##### DATASET EXTRACT #####

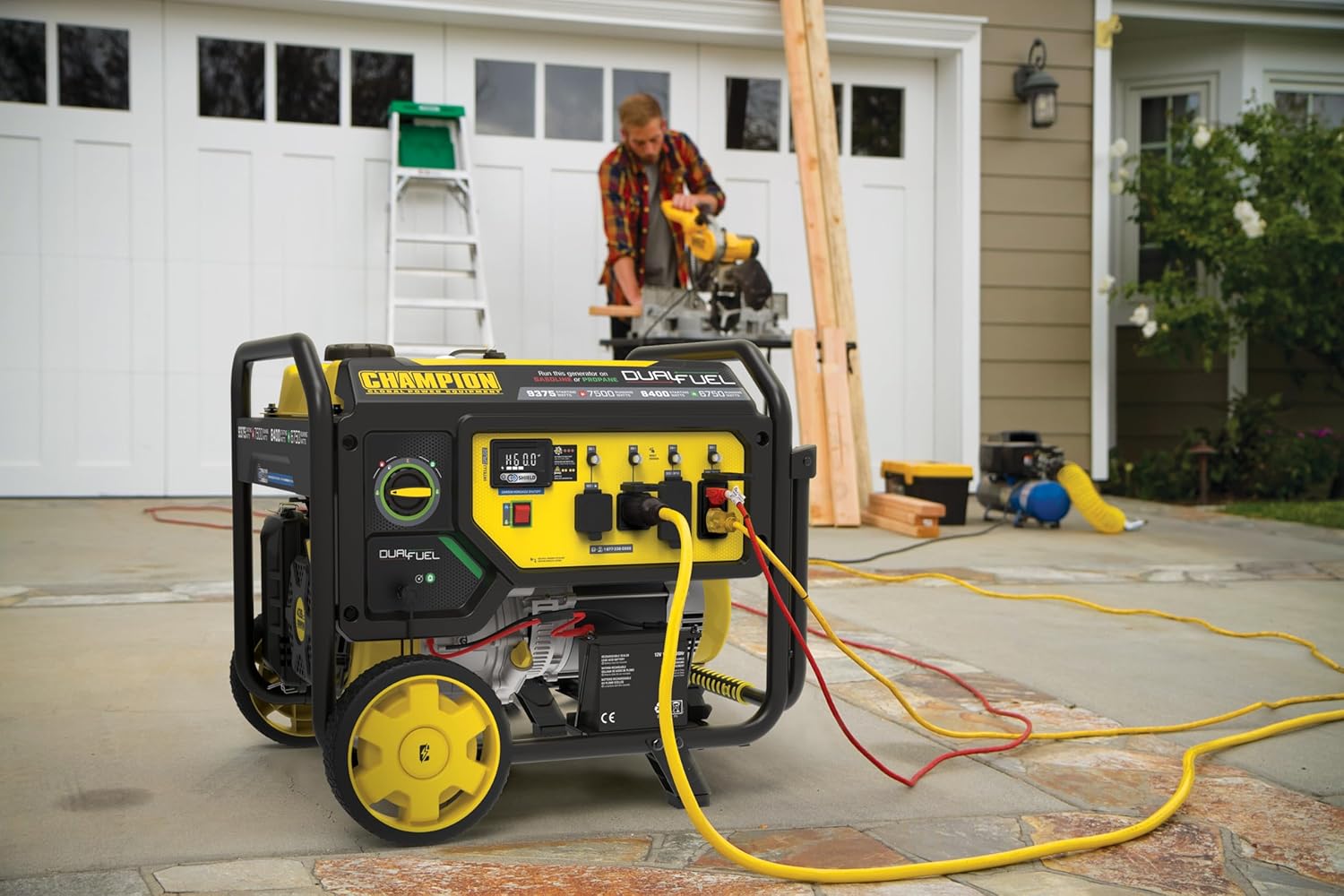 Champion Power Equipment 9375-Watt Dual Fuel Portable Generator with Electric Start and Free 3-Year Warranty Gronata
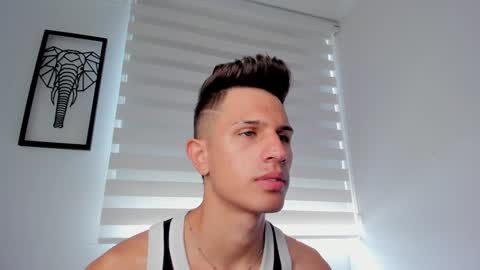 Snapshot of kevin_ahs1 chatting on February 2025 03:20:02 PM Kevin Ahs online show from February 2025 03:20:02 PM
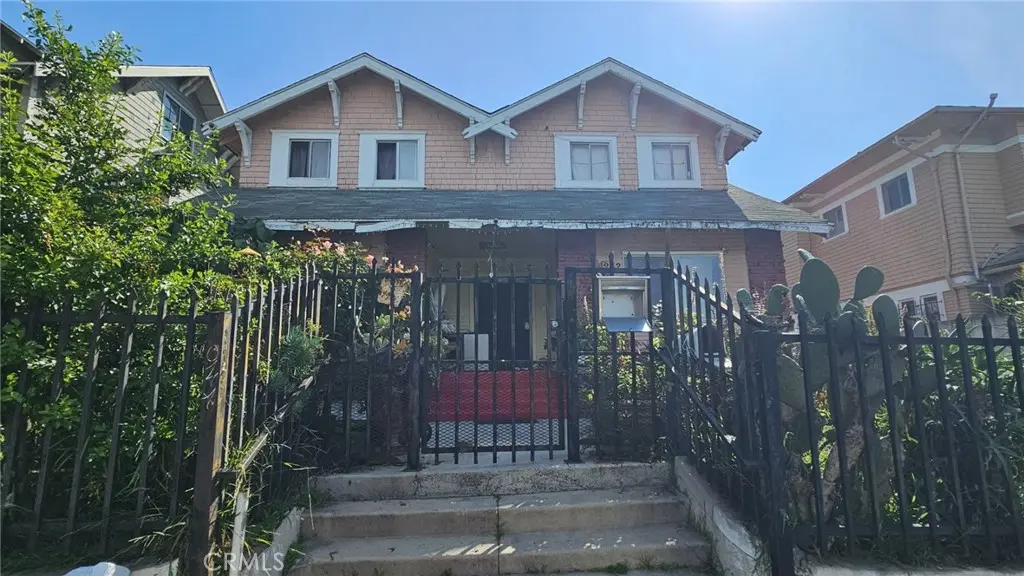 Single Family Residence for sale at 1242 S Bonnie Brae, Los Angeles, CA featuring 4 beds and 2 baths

#####

[WHAT IS BEING ASKED]
Except for the pictures, give the data again word for word.

[SOLVED PROBLEM]
 Champion Power Equipment 9375-Watt Dual Fuel Portable Generator with Electric Start and Free 3-Year Warranty Gronata
 Snapshot of kevin_ahs1 chatting on February 2025 03:20:02 PM Kevin Ahs online show from February 2025 03:20:02 PM
 Single Family Residence for sale at 1242 S Bonnie Brae, Los Angeles, CA featuring 4 beds and 2 baths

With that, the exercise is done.